Bangladeshi politician

Selina Islam (also known as Selina Islam Papul) is a Bangladeshi controversial business person who later joins politics. She nominated as Jatiya Sangsad member from the reserved women's seat-49.

==Early life==
Islam was born in the Sonakanda village in Meghna Upazila of Comilla District to Mojibur Rahman and Amina Begum. She is married to Mohammad Shahid Islam, the incumbent Jatiya Sangsad member representing the Lakshmipur-2 constituency.

==Career==
Islam is a Kuwaiti expatriate business person. She is the vice-president of Comilla north district of Bangladesh Awami League. She was elected as an independent candidate from the reserved women's seat-49 of the eleventh Jatiya Sangsad. Shirin Sharmin Chaudhury administered the oath to her on 20 February 2019.

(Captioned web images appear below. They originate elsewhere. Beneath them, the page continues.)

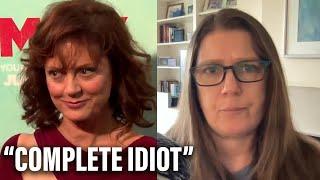 Mary Trump calls Susan Sarandon a Moron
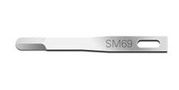 Cincinnati Surgical Swann-Morton <br>  Stainless Steel Miniature Blade <br> Size 69 , 25/Box <br> CINCINNATI SURGICAL 01SM69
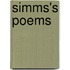Simms's Poems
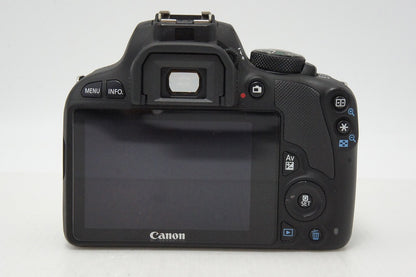 Good condition Canon EOS Kiss X7 Body + EF-S 18-55 IS STM Lens Kit Digital SLR Camera 260425t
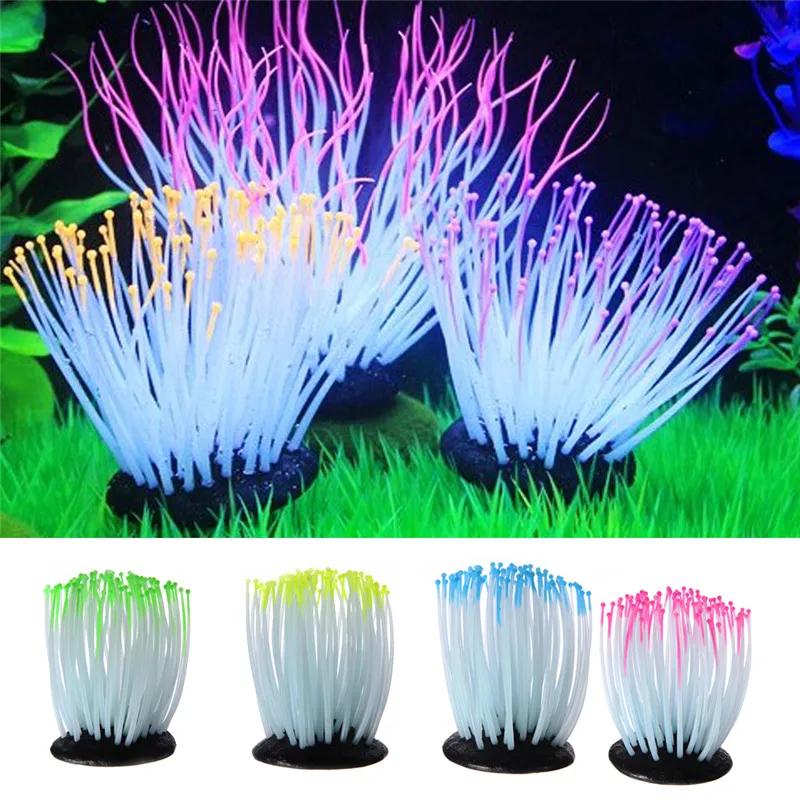 High Simulation Luminous Sea Anemone fish tank Aquarium Plant Decoration Equipment Accessories Artificial Aquarium Plants
High Simulation Luminous Sea Anemone fish tank Aquarium Plant Decoration Equipment Accessories Artificial Aquarium Plants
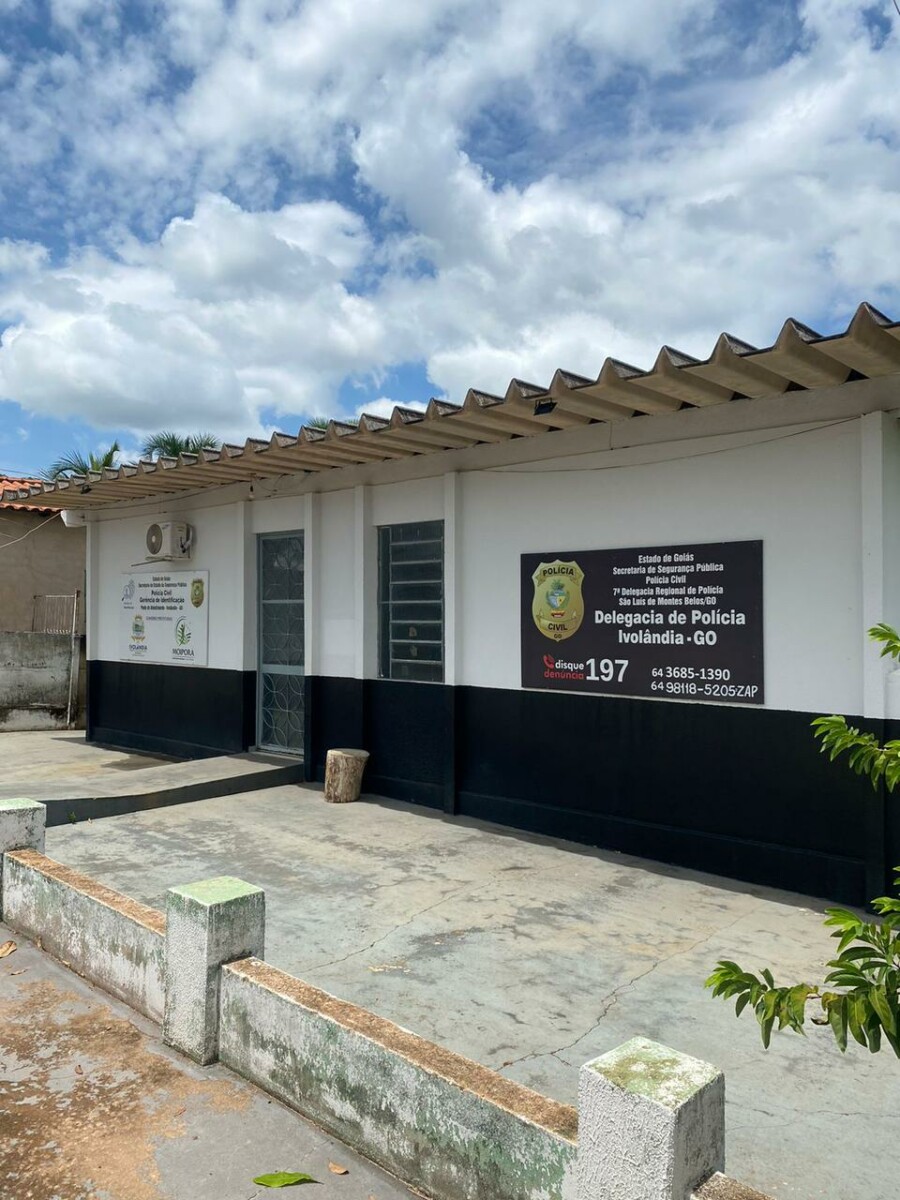 PCGO chega à autoria de suspeito de estupro e chantagem a menor em Ivolândia
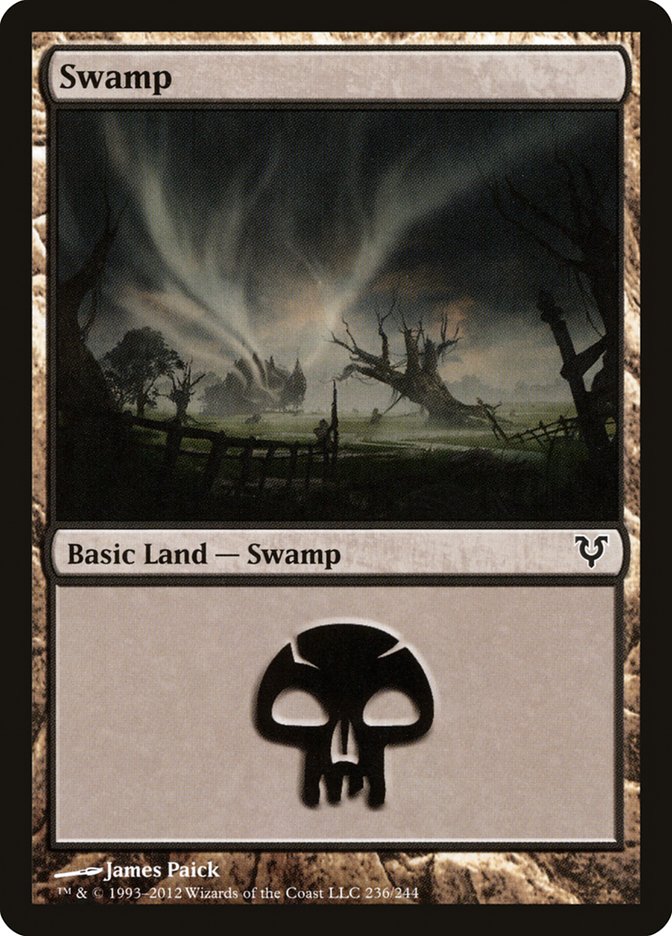 Swamp (236) [Avacyn Restored] | Odin's Place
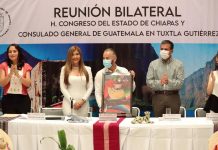 Congreso del Estado y Consulado de Guatemala realizan reunión bilateral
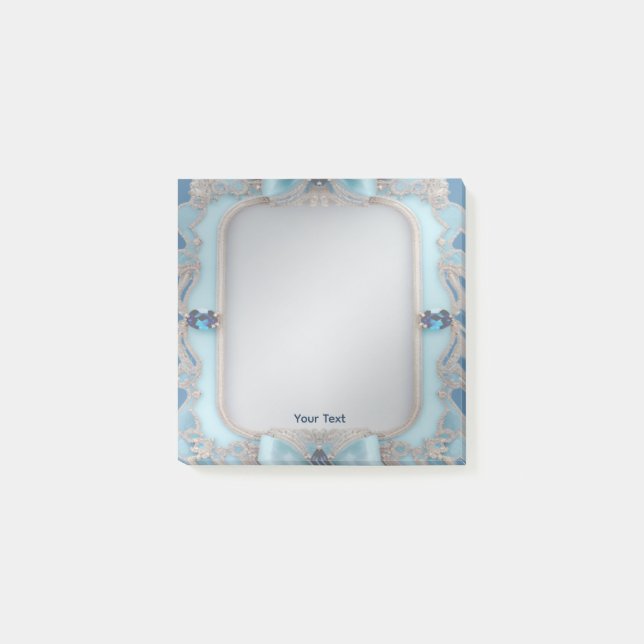Blue Decorative Frame Notes (Front)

On 26 December 2020, Islam was granted bail when she surrendered herself before a Dhaka court for a graft case filed earlier by the Anti-Corruption Commission. The court also ordered the authorities to freeze 670 bank accounts of Islam and three of her family members - her husband, Mohammad Shahid Islam; their daughter, Wafa Islam; and her sister, Jesmin Prodhan; in cases filed over corruption and money laundering. The ACC case stated that though Selina Islam's sister Jesmin Pradhan has no source of income, she had 44 accounts in different banks.

In May 2025, the Detective Branch arrested Islam in Gulshan, Dhaka. She was shown arrested in a case filed by the Anti-Corruption Commission.